Scorie - Negano l'evidenza come dischi rotti
I rappresentanti delle case automobilistiche suonano una musica scadente e per di più ripetitiva come se fossero dischi rotti.
Dopo aver speso miliardi in malinvestimenti guidati non da ciò che credevano avrebbe chiesto il mercato, bensì assecondando scondinzolanti i Timmermans di questo mondo e le loro nefaste ideologie green nella errata convinzione che la domanda si sarebbe poi adeguata, magari grazie a incentivi, adesso devono prendere atto che i conti non tornano. In parte perché una fetta di mercato non si rassegna a guidare elettrodomestici con le ruote; in parte perché tali elettrodomestici, oltre a essere a tutt'oggi inferiori alle vetture a combustione interna (si pensi solo al tempo necessario per una ricarica e alla sostanziale necessità di disporre di un garage privato), hanno anche prezzi inaccessibili a molti consumatori.

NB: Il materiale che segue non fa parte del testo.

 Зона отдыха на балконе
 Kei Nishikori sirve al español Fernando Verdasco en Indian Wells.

Questi signori hanno anche dovuto constatare un fatto da Economics 101: l'incentivo pagato da tasse non può essere esteso a un mercato di massa, per un mero problema di sostenibilità finanziaria.

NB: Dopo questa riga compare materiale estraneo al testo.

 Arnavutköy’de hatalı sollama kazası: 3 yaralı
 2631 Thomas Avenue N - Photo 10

Ciò nonostante, non perdono occasione di lamentarsi e invocare incentivi, ossia chiedere che i governi facciano pagare ai cittadini mediante tasse i loro errori e malinvestimenti. Anche (soprattutto) a quelli che, come me, hanno una totale repulsione per gli elettrodomestici con le ruote.

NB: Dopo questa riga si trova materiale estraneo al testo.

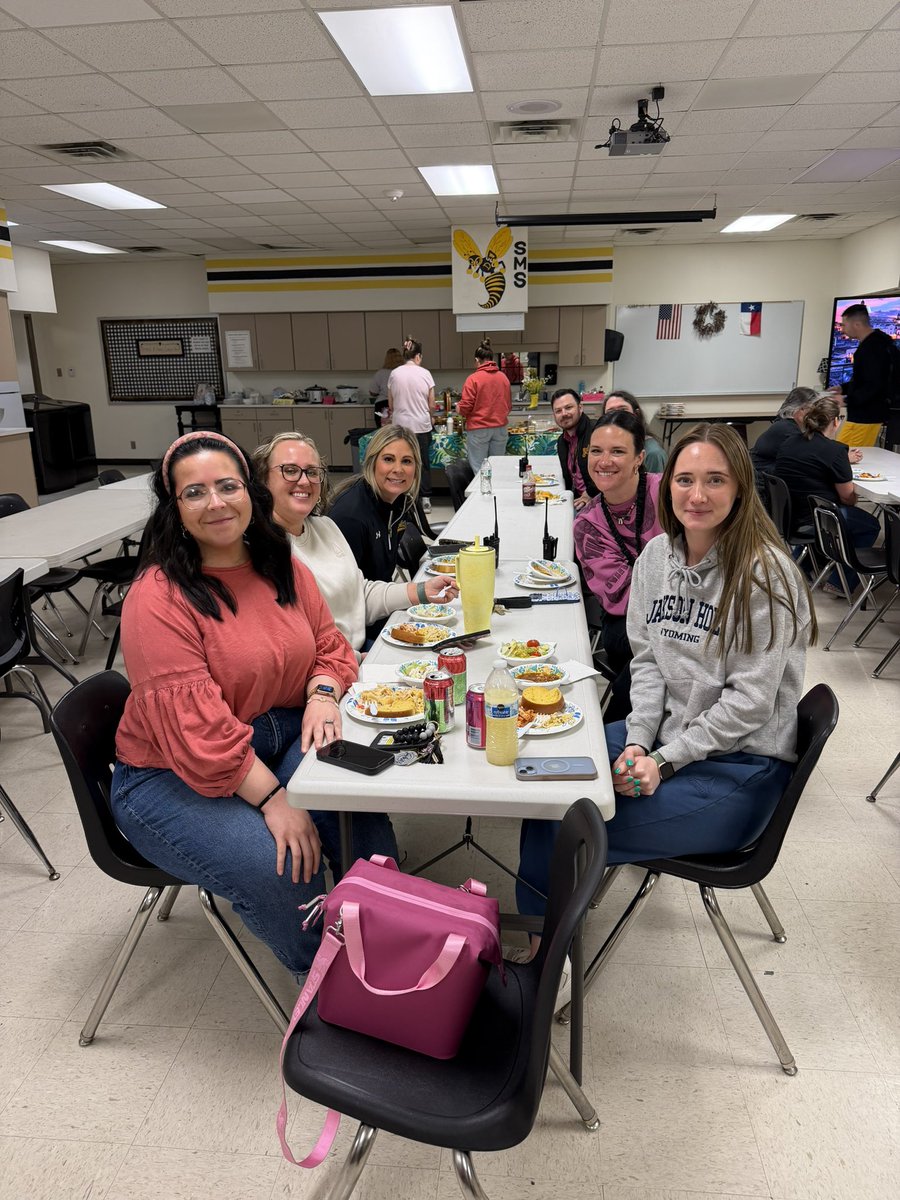 Henry Scott Middle School tweet media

Si prenda, per esempio, Michele Crisi, presidente di Unrae, ossia l'associazione delle case produttrici di auto estere. Questo signore, a fronte dei dati orrendi per il mercato dell'auto in Italia (e in Europa), invoca "un piano organico che guardi a tutte le componenti economiche del comparto", una formula supercazzolara per chiedere altri soldi.
Aggiungendo, con una perseveranza che va oltre il diabolico, che "il Green deal non è responsabile del calo di produzione in Europa".
Qui siamo all'Igor di Frankenstein Junior e al suo "Gobba? Quale gobba?".
Prima delle demenze del Green Deal il mercato dell'auto non aveva la necessità di essere costantemente incentivato, certamente non nel modo massiccio che viene chiesto adesso. Ma secondo Crisci, per avere un mercato in salute occorre "supportare la value chain su ricariche elettriche, riciclo e economia circolare e puntare su una seria revisione della fiscalità sulle auto aziendali."
Tutte cose non necessarie prima del Green Deal. Ma se un mercato per essere in salute necessita di incentivi e sussidi di varia natura, vuol dire che c'è qualcosa che non va in modo strutturale.
Una sana autocritica, accompagnata da una richiesta di rivedere radicalmente il Green Deal (eliminarlo sarebbe la soluzione ottimale, ma poco realistica) sarebbe molto meglio, ma dubito che ci arriveremo. Il Green Deal ha gettato le basi legislative per ammazzare un settore produttivo per ridurre le emissioni di un misero 2% scarso.
Anche non volendo essere complottisti, non si può non constatare che Tafazzi era un dilettante in fatto di autolesionismo.